Question

The resultant value of resistances each of value n ohms when connected in parallel is x , when these resistances are connected in series the resultant resistance is :​

Answer 1

Answer:

Given:

When n resistors are connected in Parallel, the net resistance is x

To find:

Net resistance when these resistors are connected in series.

Calculation :

Let resistance of each resistor be r

So in parallel:

$net \: resistance = \dfrac{r}{n} = x$

$= > r = x \times n$

Now in series combinations:

$net \: r = r + r + r....n \: times$

$= > net \: r = n \times r$

$= > net \: r = (x \times n) \times n$

$= > net \: r = x \times {n}^{2}$

So final answer is :

$\boxed{\boxed{ \red{eq. \: resistance = x {(n)}^{2}}}}$

Answer 2

Question :-

→ The resultant value of resistance each of value n $\Omega$ .when connected in parallel is x , when these resistances are connected in series the resultant resistance is -

Answer :-

$\to \boxed{ \sf r_{n} \: = x \: {n}^{2} } \\ \:$

To Find :-

→ The resultant resistance when these are in series combination .

Solution :-

According to the question,

→ When resistors are connected in parallel resultant resistance is x and each has value n $\Omega$ .

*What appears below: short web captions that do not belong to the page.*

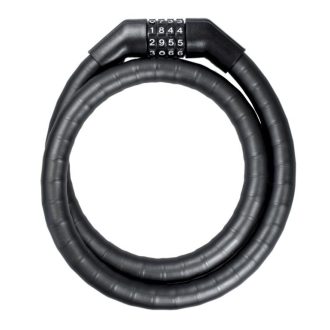 Trelock PK 360 Code számzáras görgős zár [100 cm]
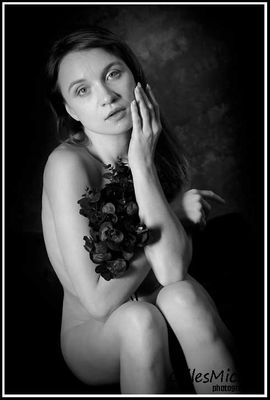 Milla-0064.jpg
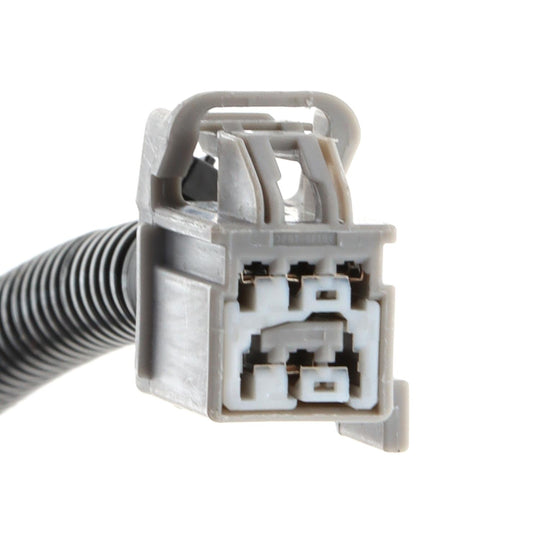 BTL155 Standard Ignition Center High Mount Stop Light Standard Ignition Canada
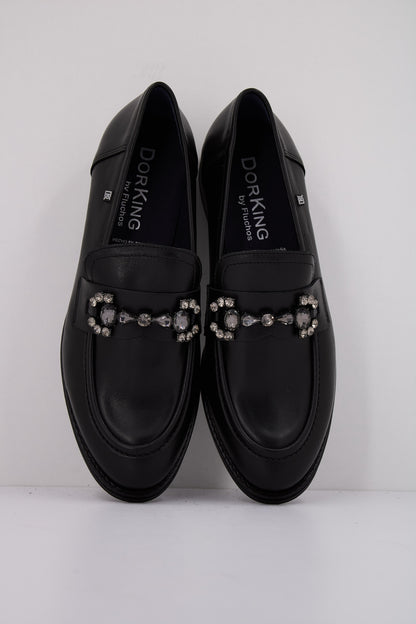 DORKING D  en color NEGRO  (3)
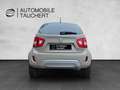 Suzuki Ignis Comfort+ 1. Hand Jahreswagen Gold - thumbnail 6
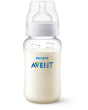 iShopping - Philips Avent Classic+ PA Baby Bottle 330ML (SCF456/17)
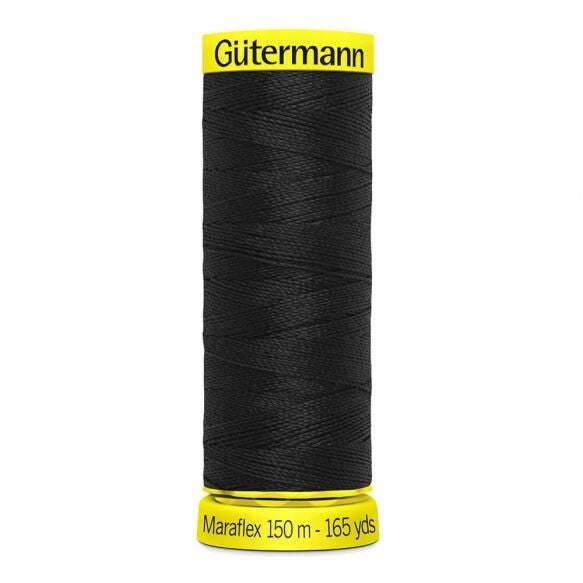 Gütermann Maraflex - 0000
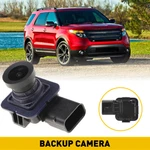 Rear Backup View Camera Fit 2011 2012 2013-2015 Ford DB5T-19G490-AB Explorer. Fixed Price $34.19.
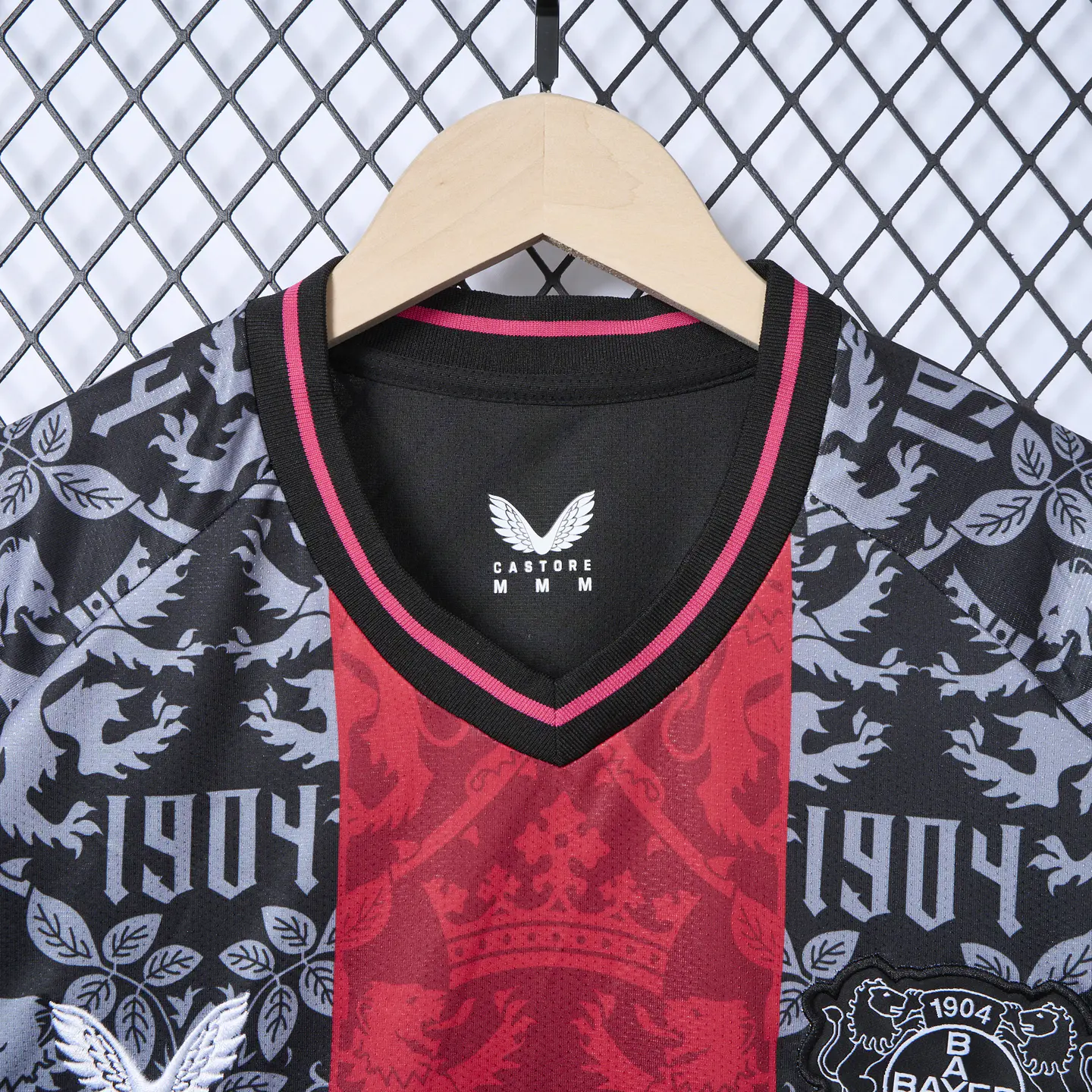 Socce Jerseys-topleaguejerseys.com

Let, resistance of each resistor is r ohm

hence , according to the question

$\to \sf \: total \: resistance \: =x \\ \\ \to \sf \frac{r}{n} = x \\ \: \\ \therefore \boxed{\sf \: r \: = n \: x} \: \:$

When resistors are in series combination ,then resultant resistance is ,

$\mapsto \boxed{\sf \: total \: resistance \: ( r_{n})\: = \sum_{i = 1}^{n} \:r_{i} }\: \\ \\ \sf all \: have \: same \: value \: r \\ \\ \: \: \: \: \: \: \: \: \: \: \: \boxed{ \sf\because \: r = nx } \\ \: \\ \to \sf \: r_{n} \: = (x \times n) \: \times n(times) \\ \\ \to \boxed{ \sf r_{n} \: = x \: {n}^{2} }$

Hence net resistance when these are in series is

$\: \sf r_{n} \: = x \: {n}^{2}$